By Jia Lynn Yang and Mary Pat Flaherty
Washington Post Staff Writers
Friday, February 25, 2011; 10:59 PM
Pepco's parent company enjoyed higher sales last year from customers who turned up the air conditioning during a sweltering summer, but earnings fell sharply because of one-time charges.
The company's earnings dropped to $139 million, down 38 percent compared with last year, largely because of an expense related to reducing its debt after it sold Conectiv Energy in July. If it weren't for these special charges, profits would have risen 47 percent to $276 million, according to the company's earnings report Friday.
Pepco benefited from record heat last summer, which drove higher sales.
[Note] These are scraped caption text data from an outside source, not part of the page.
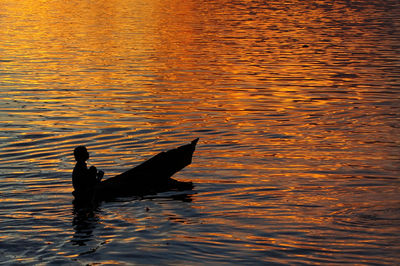 Silhouette person swimming in sea during sunset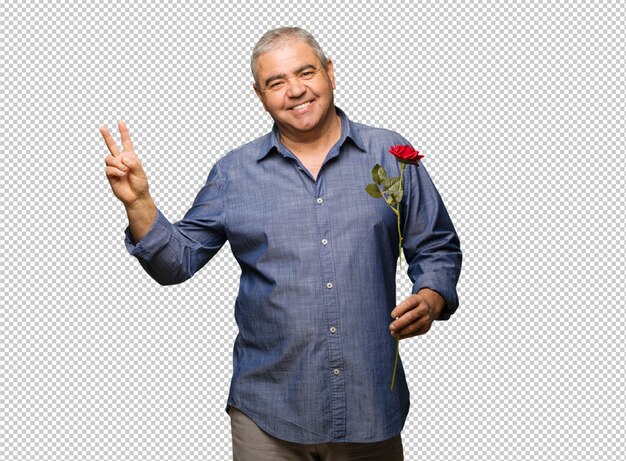 Hombre de mediana edad celebrando el día de San Valentín haciendo un gesto de victoria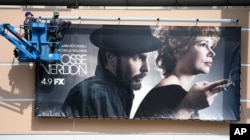 Workers put up a poster for the upcoming FX limited series "Fosse/Verdon" near the entrance to Fox Studios, March 19, 2019, in Los Angeles.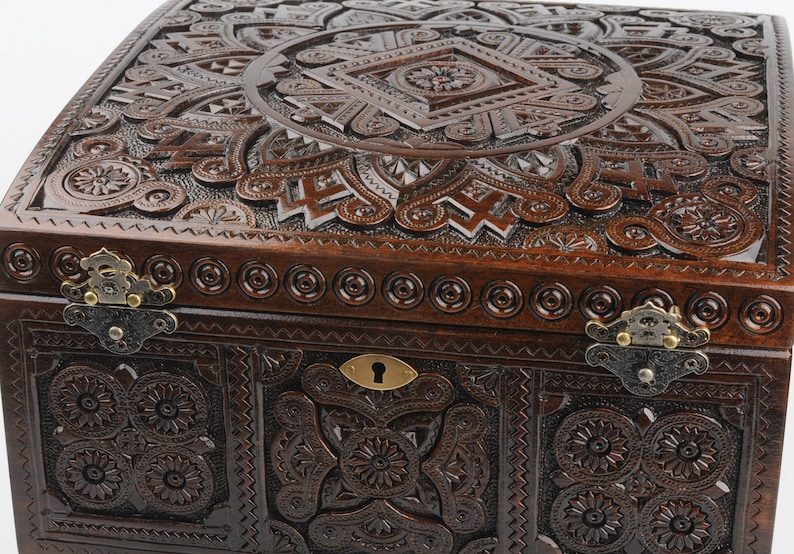 May include: A dark brown wooden box with intricate carvings and brass hinges. The box has a keyhole and a decorative design on the lid.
A measure of how much customers were likely to use air conditioning during the summer was up 48 percent.
The company's Pepco unit, which operates in the Washington area, said its revenues were $2.3 billion, essentially flat compared with last year. It spent more money on operations and maintenance, however, because of several severe storms last year.
Pepco said it made $359 million in capital improvements last year, compared with $288 million in 2009.
"Pepco's results demonstrate our continuing commitment to improving the company's system reliability and customer service," said Anthony J. Kamerick, senior vice president and chief financial officer of Pepco's parent company, PHI. "Over the next several years, we plan to increase our investment in electric infrastructure."
Pepco's parent company said the firm spent approximately $15 million to restore power to about 250,000 customers - most in the Washington area - after snow and ice storms in January.
Pepco's response to the storm drew criticism from customers and legislators, a circumstance Pepco Holdings Chairman Joseph Rigby addressed in a conference call. The political fallout from the storm included calls in Montgomery County for replacing Pepco with a public provider to proposals to fine Pepco and other power companies if they fail to meet new reliability standards proposed by the Maryland Public Service Commission.
Repeating what he and other executives have said during a recent spate of local and state hearings, Rigby told analysts that reliability "is priority one for us."
He also said he expected that Maryland regulators would set the reliability standards.
In an attempt to rehabilitate the company's image, Rigby, who is paid a base salary of $880,000, had said he would not take a raise or bonus this year.